You also won a gold medal. What does it represent?
[Juliette] There were also medals to which each team was entitled: bronze, silver and gold. These medals are awarded to teams when they have met the criteria set by iGEM for a particular medal level. The criteria for the gold medal include collaboration, success in bioengineering, modeling and human practices - it's all very interdisciplinary!
[Clément] And we won the gold medal! The more the project progressed and took shape, the more we thought we could go for that gold medal.
Traditionally, the presentation of awards and medals is the subject of a special event: the Jamboree. Our interview takes place a few days later.
Can you tell us more about this “Jamboree”?
[Juliette] This year, our team, the iGEM Paris Bettencourt team, offered to host a number of students from different iGEM teams - mainly European teams, although there was also a team from Egypt! So we brought together 120 students at the CRI [now the Learning Planet Institute] for a weekend, during which we had lectures by researchers from the CRI collaboratory [now the Learning Planet Institute], and were able to discover the projects of the other teams present. It was a great way for us to end the competition on a high note!
[Juliette] When it came to organizing the event, we knew we'd be supported, and the premises lend themselves well to this kind of event... so we figured if we were going to be involved in the competition, we'd be involved right to the end! And it worked out pretty well logistically, being both in person and connected to the rest of the teams around the world.

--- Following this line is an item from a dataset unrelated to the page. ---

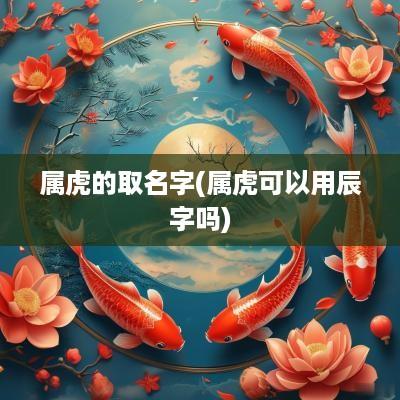 属虎的取名字(属虎可以用辰字吗)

[Clément] We got many, many thanks! The joy of the people who took part... it was really worth it.
What will you take away from this experience?

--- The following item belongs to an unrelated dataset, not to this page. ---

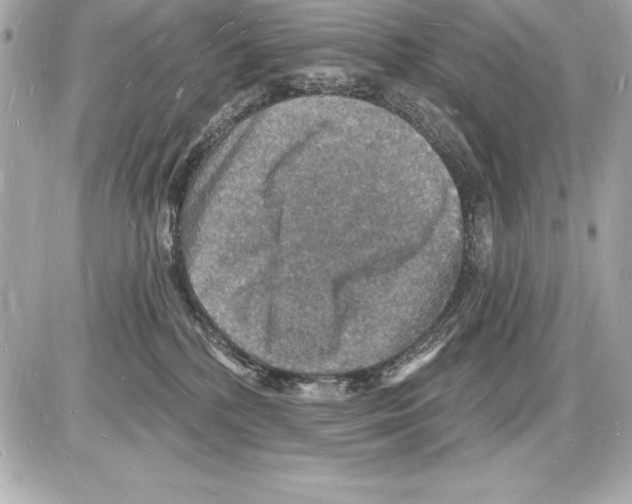 X0000085280232200704092214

[Juliette] It was a very rewarding 9 months in many ways. The iGEM competition is very interdisciplinary. The teamwork, building it [the team], putting the project together, getting the funding, communicating the project, right through to the final achievement... It was a long process and we really won at every stage. And the final concretization with the gathering of several European teams at the CRI [now the Learning Planet Institute], is really where we realized all that had been accomplished up to that point for everyone.
[Clément] I see two fundamental aspects: communication and collaboration within the team and with the people who gravitated around our project, and skills and scientific work.
The next iGEM Paris Bettencourt team is currently being formed, for a new competition, a new project, new achievements - contact them igem2022@cri-paris.org ! Juliette and Clément are determined to pass on their experience.
What is your first piece of advice for the next competitors in the iGEM 2022 competition?
[Clément] Know where you're going and take your time. It's really a project that requires a lot of investment. At the end of the project, you realize that it was worth it, but during the project, it's a bit of a rollercoaster. You really have to take your time, talk to each other, and work hard on the team atmosphere that enables you to go further. Otherwise, it just doesn't work.
[Juliette] Collaboration and communication within the team. These are the first points at the start of the project, and are fundamental to finding other people, holding the first meetings and making the first reports.
Thanks to Juliette and Clément for sharing their experience!